I’m not really convinced by this book, which was a Booker prize nominee I think. It’s very poetic but there is a lot of book to deal with not much story. It’s set in the times when the Enclosure Acts were occurring, and deals with a village that has been farming its owner’s land forever. A new owner arrives with plans for reorganizing and resettlement. At the same time, three strangers arrive to settle on the edge of the village and a series of crimes against the owner’s property occur. These three changes in the status quo combine to destroy the village. There is one person left who tells the tale. Mmmm, not sure really.

One Summer America 1927 by Bill Bryson

I read half this book. It is written in an easy entertaining style, as is always the case with the talented Mr Bryson, but halfway through I thought, I’m really, REALLY not interested in the subject matter. So what happened in 1927? Well, Charles Lindbergh made his famous non stop flight across the Atlantic. And the genius baseball player Babe Ruth came to prominence. Anybody who is remotely interested in either of those events will love this book. I’m not and I didn’t.

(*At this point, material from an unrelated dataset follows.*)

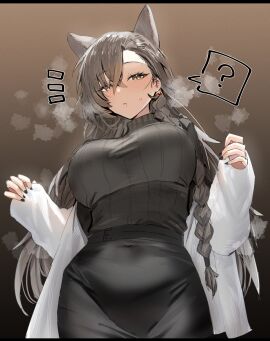 1girls animal_ears arknights belly big_breasts black_nails braided_hair breasts chest coat earrings eyelashes female female_only grey_hair hair_between_eyes highres horn/wood kemonomimi large_breasts light-skinned_female light_skin long_hair looking_at_viewer looking_down looking_down_at_viewer mature_female nail_polish navel_visible_through_clothes open_clothes open_coat parted_lips penance_(arknights) penance_(occasionally_flushed)_(arknights) skirt solo spoken_question_mark steaming_body surprised sweatdrop sweater tight_clothing yellow_eyes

Thursday, February 13, 2014

Ender’s Game by Orson Scott Card

I’m really glad they’ve made a movie about this book. It’s a kids’ classic scifi and I loved it. I’m a great scifi fan and I’ve always liked kids’ books. This is the story of a genius child in the future who is selected to fight on behalf of the world against the buggers, an alien enemy wh have already invaded the world once and who are expected to come again with even more devastating powers soon. It’s interesting because Card manages to write from Ender’s perspective, with the adults being almost a separate race from the children. They have their own ideas, their own motivations and all the power. Despite his genius, Ender really doesn’t figure them out …. until the end.

Sunday, January 12, 2014

The Light Between Oceans by LM Stedman

Wooden characters, a ridiculous story verging on soap opera …. My friend Kathy told me not to bother finishing this book and she was right. A lighthouse keeper and his wife? That’s ridiculous to begin with, or at least in this incarnation. Aboat comes in with a dead man and a baby? I should have sht the book there and then.